On "venereal horror," a term often applied to his work "I have no idea what that means. It means, sort of, sex horror, somehow, that involves genitalia, perhaps? I have no idea... It really had to do with the specifics of those particular movies, you know? Did Dead Ringers involve that? Did M. Butterfly involve that?... These categories are only of passing interest to me. It's a game, really, for critics to play, because, creatively, it's really a non-issue. It means nothing... Do I have a list? Do I say, 'Well, I was gonna do Cosmopolis, but there's no venereal horror in it, so either I put it in or I'm not gonna do the movie?' No. It doesn't work that way at all ... It's not like I'm obsessed with the body."
On A Dangerous Method "When I read Christopher Hampton's play, I could say to myself, 'Well, I guess, probably unconsciously -- to use a Freudian expression -- I've always wanted to do something about Freud, but I never had the structure and never had, sort of, the concept to deal with such a vast topic. And here was a perfect dramatic structure -- very unexpected, because I didn't know anything Sabine Spielrein and her relationship with Jung. So here was what I considered an intellectual menage-a-trois ... as well as dealing with the birth of psychoanalysis and the birth of psychoanalysis and life in Vienna at the turn of the 20th century, all fantastic things and of interest to me always."

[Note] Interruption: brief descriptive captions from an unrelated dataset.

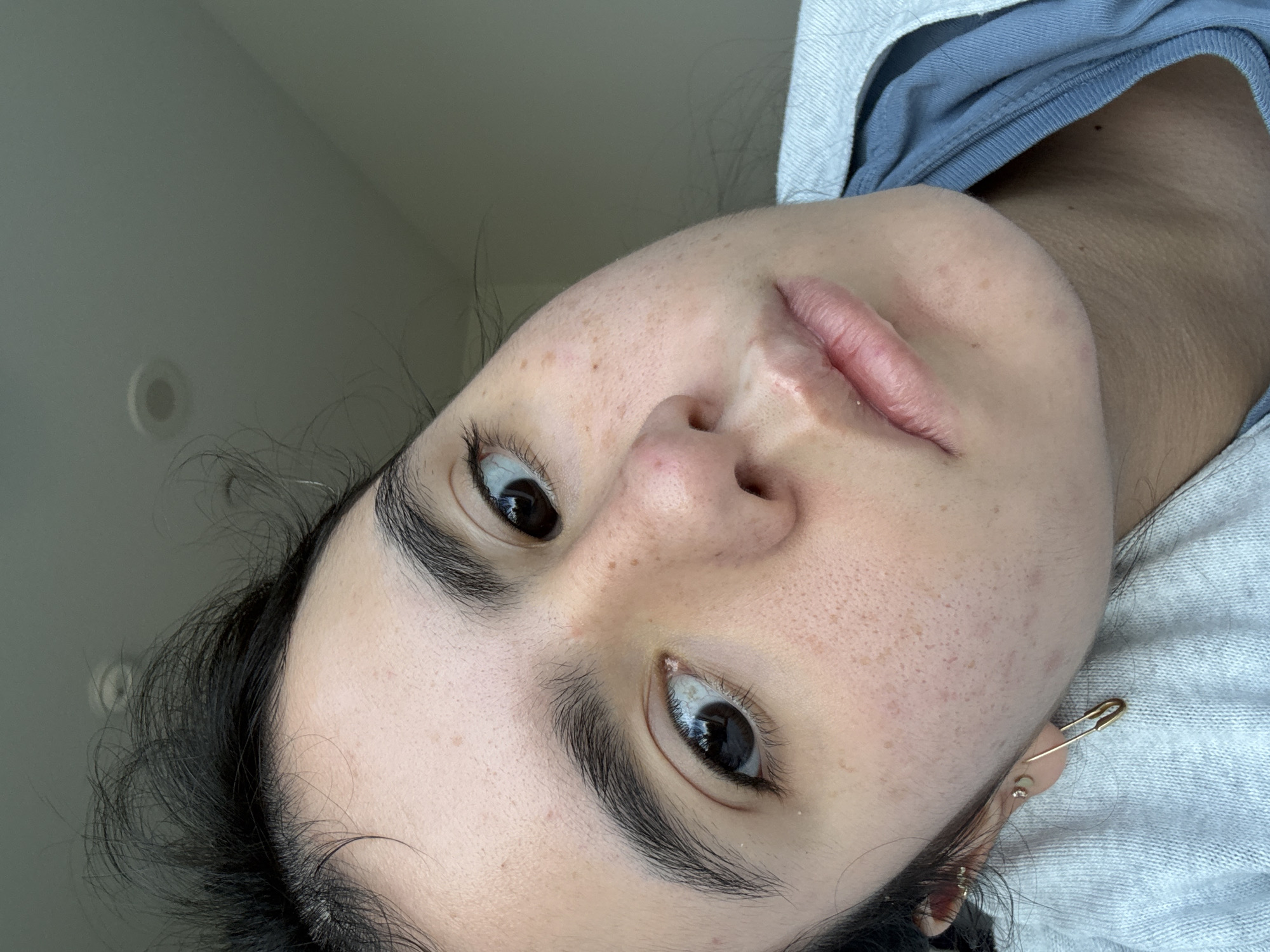 A close-up, angled portrait captures the face of a person, looking directly towards the camera. The image is taken from a low angle, showing the person's head tilted. They have fair skin with numerous freckles and small blemishes scattered across their nose, cheeks, and forehead. Their eyes are dark and appear to be looking slightly upwards, with visible dark eyelashes. Thick, dark eyebrows frame their eyes.
The person's dark hair is visible around their face, particularly near the forehead and temples, with some strands appearing slightly disheveled. Their lips are natural, with no visible makeup, and have a slightly chapped texture.
Clothing worn includes a light grey hooded garment, possibly a hoodie, with a blue t-shirt or top visible underneath at the neckline. A distinctive gold-colored safety pin earring is worn in the earlobe on the right side of the frame (the person's left ear), along with a few smaller stud earrings further up the ear. The background is a plain, light-colored surface, suggesting an indoor setting with soft, ambient lighting. There is no visible text in the image.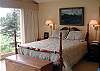 The master bedroom is on the main level. Master bath includes a large dressing area, spacious closets, double sink vanity, and large soaking tub.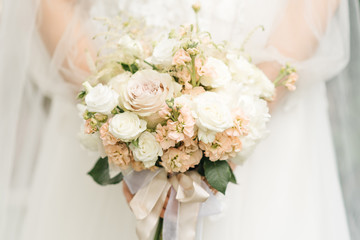 Bridal morning details. Wedding beautiful bouquet in the hands of the bride, selectoin focus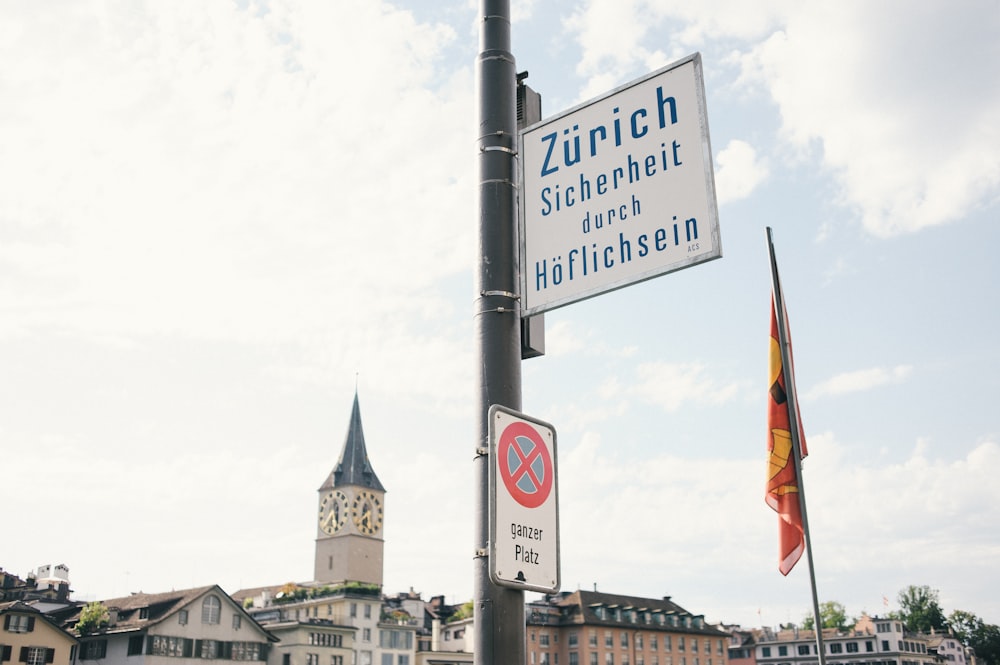 blue and white street sign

On the possibility of "going Hollywood" in the future "I haven't really tried to avoid it. I've often joked and said, 'I've been trying to sell out for years but nobody's buying!' I mean, I did try to do The Matarese Circle with Tom Cruise and Denzel Washington at M-G-M, but M-G-M, kind of, went belly-up for a while ... there were other moments ... I think the only in-house studio movie I ever really did was A History of Violence with New Line, and, obviously, New Line was not Warner Brothers ... I've tried, and, in each case, it's, sort of, not happened for all kinds of different reasons. It's absolutely not an opposition ... you're still trying to make a good movie, but within a different context. I'd be interested to try it ... maybe it'll still happen."